Exact copy, pictures excluded: output the lines from the opening of the entries through the line bearing "Hello everyone. Today".

_ _ _ _ _

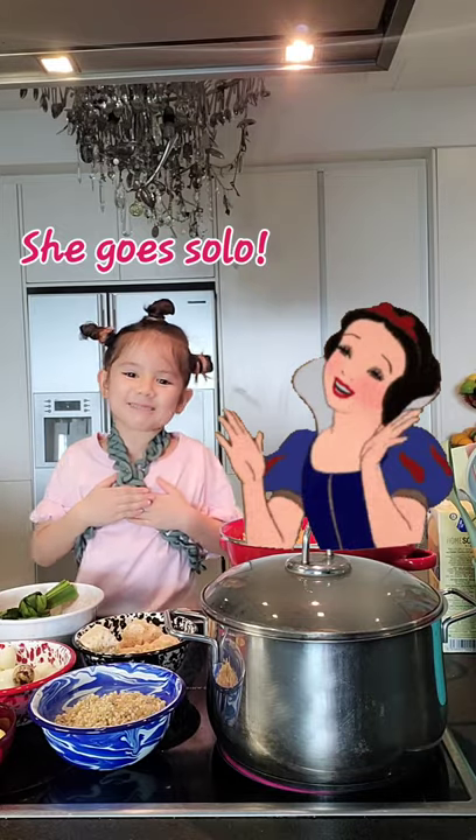Hello guys! So today we are making Fuzhou Yimai! Hi everyone! Well today me and Lala are very matchy matchy.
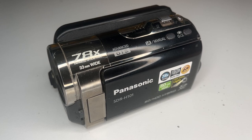Hello everyone. Today I'm going to show you how to recover data from one of these video cameras that has a little hard drive when they go bad.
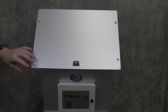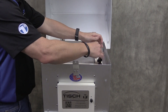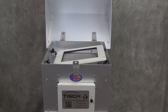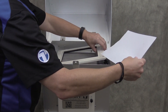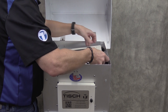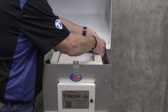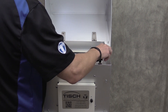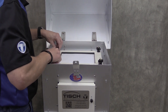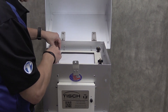We now need to put a new filter on the sampler. Open the lid. Loosen the four plastic nuts and take the frame off of the filter. Get your new filter — rough side normally goes up. Center it on the filter holder. Make sure that the plastic washers are on top and that the filter is centered. Snug the plastic nuts up by turning them clockwise. Close the lid.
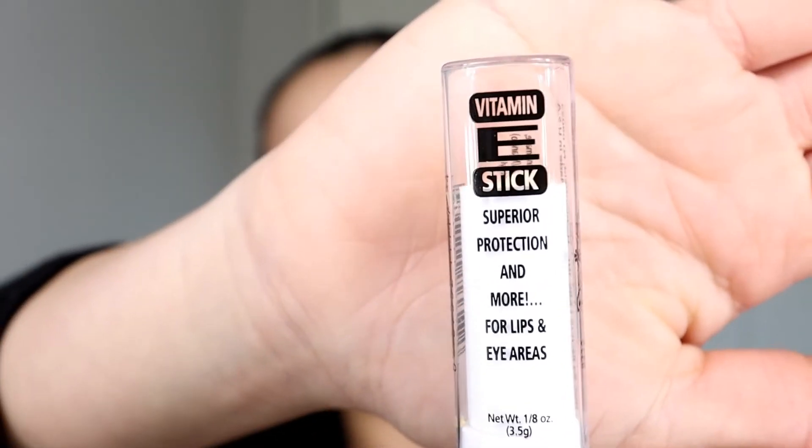To begin, I'm going to put some vitamin E on my lips just to get that going. You can use this stick for under the eye or for your lips — I personally just use it on my lips. I got this at Whole Foods.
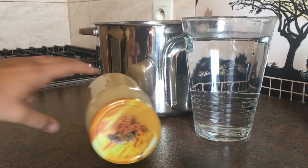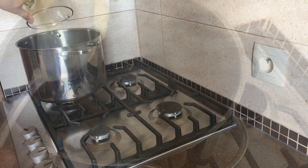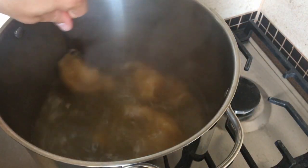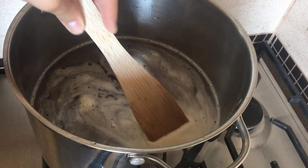No cinnamon, black pepper, and salt — cook and cook.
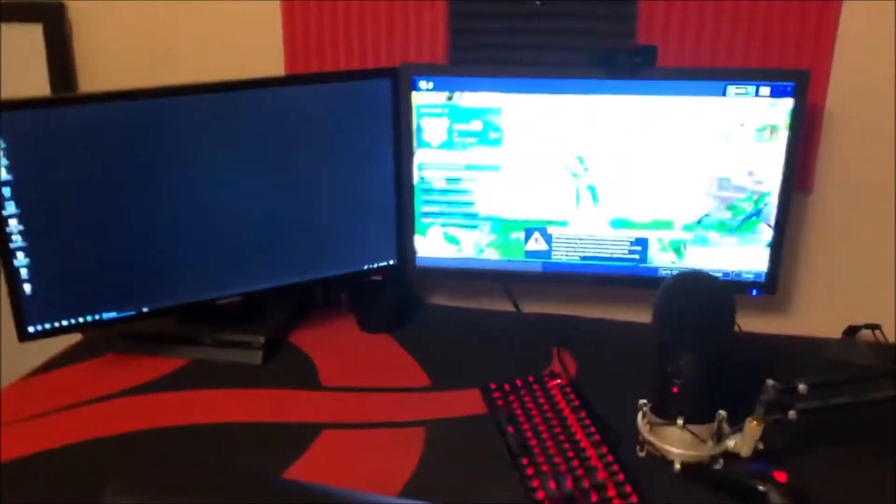There's my Logitech G403 mouse, my gaming PC — I'll put the specs down below — some controllers, and some soundproof pads. I've got two monitors: one 144Hz and one 60Hz because I don't need anything else. There's a random pop filter, a PlayStation if I want to play some COD or something. Anyway, here's my setup.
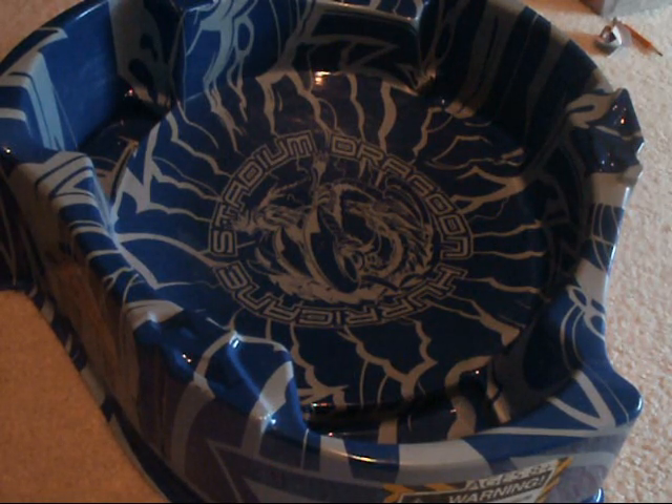Storm Pegasus is going to battle the other Metal Fusion Beyblade I have, Dark Wolf. Here's a close-up look at Dark Wolf, in case you were wondering.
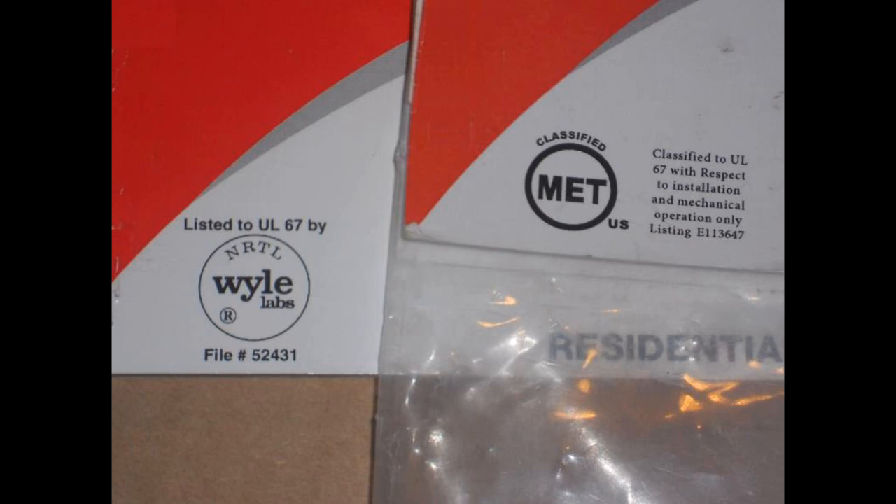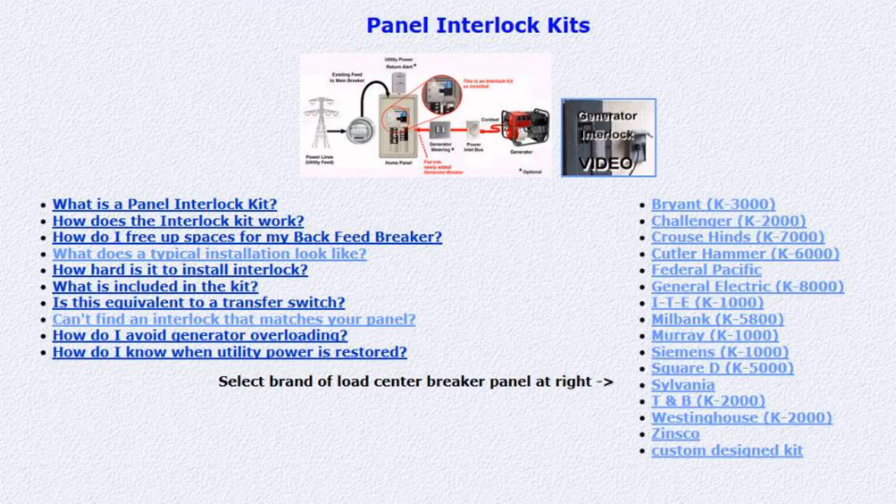And lastly, most of the kits we sell are listed to UL67 by an independent lab, so they carry that lab's listing label rather than the UL listing label. If your installation will be reviewed by a local electrical inspector, make sure he is okay with this type of listing before purchasing. Click the links below to see our complete selection of interlock kits, generator meters, and power inlet boxes, or review some of our other videos. Thanks again for visiting nooutage.com.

_ _ _ _ _

### ANSWER TO THE EXERCISE
Hello guys! So today we are making Fuzhou Yimai! Hi everyone! Well today me and Lala are very matchy matchy.
Hello everyone. Today I'm going to show you how to recover data from one of these video cameras that has a little hard drive when they go bad.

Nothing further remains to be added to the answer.